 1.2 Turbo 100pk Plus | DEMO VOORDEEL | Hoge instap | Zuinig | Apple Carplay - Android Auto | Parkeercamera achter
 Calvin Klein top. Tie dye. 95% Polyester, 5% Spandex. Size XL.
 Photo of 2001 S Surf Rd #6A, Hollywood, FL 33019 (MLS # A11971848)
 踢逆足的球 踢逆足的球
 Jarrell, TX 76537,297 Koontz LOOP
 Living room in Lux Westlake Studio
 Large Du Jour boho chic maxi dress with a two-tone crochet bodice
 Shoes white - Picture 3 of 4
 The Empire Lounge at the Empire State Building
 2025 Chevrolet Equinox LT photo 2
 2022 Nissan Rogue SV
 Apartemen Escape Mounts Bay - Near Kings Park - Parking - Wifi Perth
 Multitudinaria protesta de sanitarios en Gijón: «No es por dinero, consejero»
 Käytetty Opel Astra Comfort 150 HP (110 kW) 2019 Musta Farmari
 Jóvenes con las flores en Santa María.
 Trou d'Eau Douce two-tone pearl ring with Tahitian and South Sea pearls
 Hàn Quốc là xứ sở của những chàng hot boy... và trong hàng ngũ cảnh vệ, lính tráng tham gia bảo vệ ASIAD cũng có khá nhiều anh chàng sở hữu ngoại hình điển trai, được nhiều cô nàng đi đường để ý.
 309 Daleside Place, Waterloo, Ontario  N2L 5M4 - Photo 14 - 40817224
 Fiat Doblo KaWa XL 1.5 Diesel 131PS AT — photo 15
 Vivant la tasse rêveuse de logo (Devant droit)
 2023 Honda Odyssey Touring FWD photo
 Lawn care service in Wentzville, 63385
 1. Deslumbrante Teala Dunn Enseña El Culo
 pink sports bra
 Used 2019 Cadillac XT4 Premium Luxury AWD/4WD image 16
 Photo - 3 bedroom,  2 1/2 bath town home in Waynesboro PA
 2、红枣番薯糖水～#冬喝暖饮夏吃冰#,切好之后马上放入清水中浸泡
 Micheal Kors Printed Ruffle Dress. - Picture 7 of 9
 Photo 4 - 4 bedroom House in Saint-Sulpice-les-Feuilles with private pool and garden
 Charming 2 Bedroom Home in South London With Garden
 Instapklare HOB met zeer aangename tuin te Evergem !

· · ·

Where the word "South" shows up in a line of the listing, return that line.

REPLY.
 Trou d'Eau Douce two-tone pearl ring with Tahitian and South Sea pearls
 Charming 2 Bedroom Home in South London With Garden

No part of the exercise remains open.